More formally, a **flag** ψ of an *n*-polytope is a set {*F*_{−1}, *F*_{0}, ..., *F*_{n}} such that *F*_{i} ≤ *F*_{i+1} (−1 ≤ *i* ≤ *n* − 1) and there is precisely one *F*_{i} in *ψ* for each *i*, (−1 ≤ *i* ≤ *n*). Since, however, the minimal face *F*_{−1} and the maximal face *F*_{n} must be in every flag, they are often omitted from the list of faces, as a shorthand. These latter two are called **improper** faces.

For example, a flag of a polyhedron comprises one vertex, one edge incident to that vertex, and one polygonal face incident to both, plus the two improper faces. A flag of a polyhedron is sometimes called a "dart".

A polytope may be regarded as regular if, and only if, its symmetry group is transitive on its flags.

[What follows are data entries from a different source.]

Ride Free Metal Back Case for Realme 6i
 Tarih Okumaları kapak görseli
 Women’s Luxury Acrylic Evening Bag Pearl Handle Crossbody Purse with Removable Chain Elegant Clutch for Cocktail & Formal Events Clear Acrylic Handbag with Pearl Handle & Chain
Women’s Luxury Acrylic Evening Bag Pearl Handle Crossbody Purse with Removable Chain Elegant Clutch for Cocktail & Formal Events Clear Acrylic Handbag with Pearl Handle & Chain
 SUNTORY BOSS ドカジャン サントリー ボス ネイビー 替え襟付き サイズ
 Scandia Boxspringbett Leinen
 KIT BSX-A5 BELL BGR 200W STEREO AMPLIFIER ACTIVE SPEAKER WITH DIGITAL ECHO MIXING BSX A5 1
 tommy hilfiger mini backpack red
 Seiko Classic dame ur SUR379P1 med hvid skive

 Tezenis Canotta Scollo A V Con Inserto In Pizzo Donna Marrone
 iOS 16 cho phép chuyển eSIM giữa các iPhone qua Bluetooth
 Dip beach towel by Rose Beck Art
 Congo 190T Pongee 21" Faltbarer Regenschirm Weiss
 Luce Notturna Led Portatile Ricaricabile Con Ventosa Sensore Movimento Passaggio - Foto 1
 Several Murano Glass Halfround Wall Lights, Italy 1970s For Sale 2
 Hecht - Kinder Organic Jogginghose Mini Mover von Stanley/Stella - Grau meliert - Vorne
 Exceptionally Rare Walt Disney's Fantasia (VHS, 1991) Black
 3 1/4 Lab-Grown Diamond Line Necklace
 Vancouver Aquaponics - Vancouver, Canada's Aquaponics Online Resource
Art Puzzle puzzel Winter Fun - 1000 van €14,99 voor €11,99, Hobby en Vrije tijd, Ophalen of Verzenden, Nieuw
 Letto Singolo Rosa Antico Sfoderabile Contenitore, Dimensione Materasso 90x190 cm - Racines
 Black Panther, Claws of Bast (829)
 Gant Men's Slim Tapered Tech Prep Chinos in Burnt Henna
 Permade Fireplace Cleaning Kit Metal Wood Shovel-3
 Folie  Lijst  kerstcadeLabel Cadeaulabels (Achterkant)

This definition excludes chiral polytopes.

In the more abstract setting of incidence geometry, which is a set having a symmetric and reflexive relation called *incidence* defined on its elements, a **flag** is a set of elements that are mutually incident. This level of abstraction generalizes both the polyhedral concept given above as well as the related flag concept from linear algebra.

A flag is *maximal* if it is not contained in a larger flag. When all maximal flags of an incidence geometry have the same size, this common value is the *rank* of the geometry.